Trouble Makers (光荣的愤怒 (光榮的憤怒, Guāngróngde fènnù, Glorious Indignation)) is a 2006 black comedy film written and directed by Cao Baoping. It was Cao's solo directorial debut, though Cao had previously co-directed the film Absolute Emotion in 2001. Based on Que Diwei's novella, "Village Operation," which was published in a magazine in 2000, Trouble Makers had difficulty traversing the Chinese censors and often found itself lacking funds until 2005. As a result, Cao eventually inserted a happy ending that differed from ending in the original novella.

== Plot ==
Trouble Makers tells the story of four simple men living in Black Well Village (in rural Yunnan province) who decide to finally run the criminal Xiong Brothers out of their homes. The Xiongs have managed to build a criminal "empire" in the small town even managing to elect themselves the mayor and official accountant of Black Well Village. Two other brothers enforce the Xiongs' will with violence and intimidation. The brothers, known by the political-infused moniker, the Gang of Four, smuggle salt and generally terrorize the villagers of Black Well.

When Ye Guangrong, the nerdy and nervous local party secretary has had enough, he rounds up several other oppressed villagers including Tugua, an account, and Dawang, whose wife was raped by one of the brothers, to clean up the village.

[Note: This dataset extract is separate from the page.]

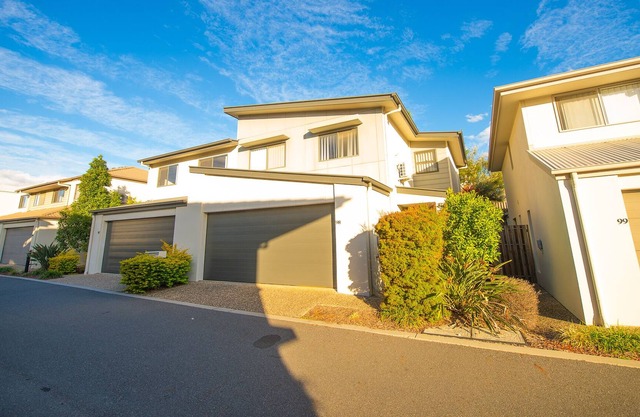 Cozy 3bdr Townhouse - Train Station, Garage, NBN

Guangrong and his vigilante's quickly find themselves over their heads. Hiring less than savory characters like "Dog Balls," a kung-fu obsessed buffoon, Guangrong and his men give themselves officious sounding military titles. As events spiral out of control, a confrontation between the dangerous Xiong Brothers and Guangrong's vigilantes seems inevitable.

== Cast ==
- Li Xiaobo as Xiong Brother No. 1, the eldest of the four brothers who terrorize Dragon Well Village.
- Kong Qingsan as Xiong Brother No. 2, the second eldest of the brothers, he has appointed himself as the village accountant.
- Wan Yanhui as Xiong Brother No. 3, the village's "mayor."
- Zhi Yu as Xiong Brother No. 4, the youngest of the brothers, and a spikey haired punk he serves as the brothers' enforcer.
- Wu Gang as Party Secretary Ye Guangrong, the a nervous low-level Communist official who leads the opposition to the gang
- Wang Shujun as Tugua, a cowardly accountant.
- Li Changyuan as Dawang, another villager who has been terrorized by the Xiongs
- He Yunqing as Shuigen
- Pu Xiaohu as Dog Balls, a local recruited by Guangrong who is obsessed with kung fu.

== Release ==
Trouble Makers was premiered in the small village in Yunnan where it was filmed. From there, it was screened at numerous international film festivals and received its United States Premiere at the New York Asian Film Festival on June 30, 2007. The year before, the film also premiered at several other boutique festivals, including the International Thessaloniki Film Festival, which focuses on first and second features. At the 2006 Shanghai International Film Festival, Trouble Makers won the jury prize at the Asia New Talent side-competition.